### WHAT YOU SHOULD DO
Only the text should come through, so restate the listing exactly and drop its images.

### COLLECTED MATERIAL

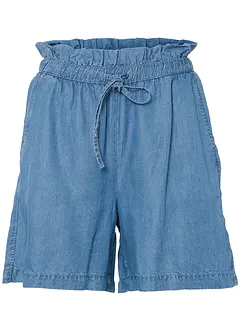 Short en jean avec TENCEL™ Lyocell, bonprix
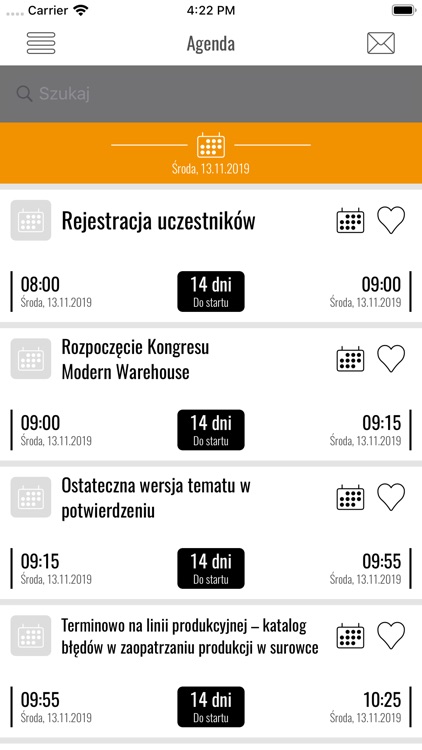 Kongres Modern Warehouse 2019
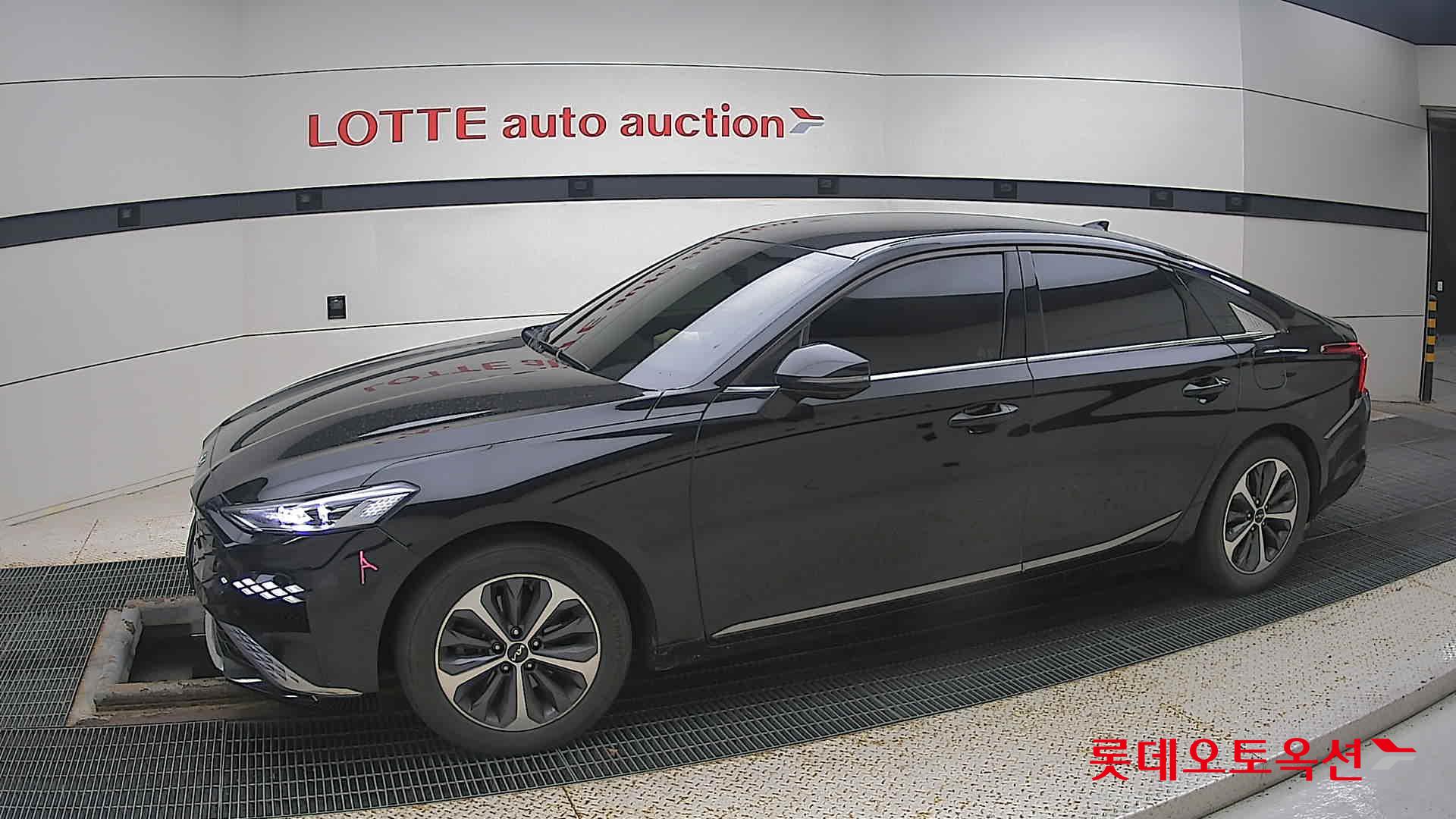 Kia K8 Hybrid id 3446726 из Кореи 12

### TASK RESULT
 Short en jean avec TENCEL™ Lyocell, bonprix
 Kongres Modern Warehouse 2019
 Kia K8 Hybrid id 3446726 из Кореи 12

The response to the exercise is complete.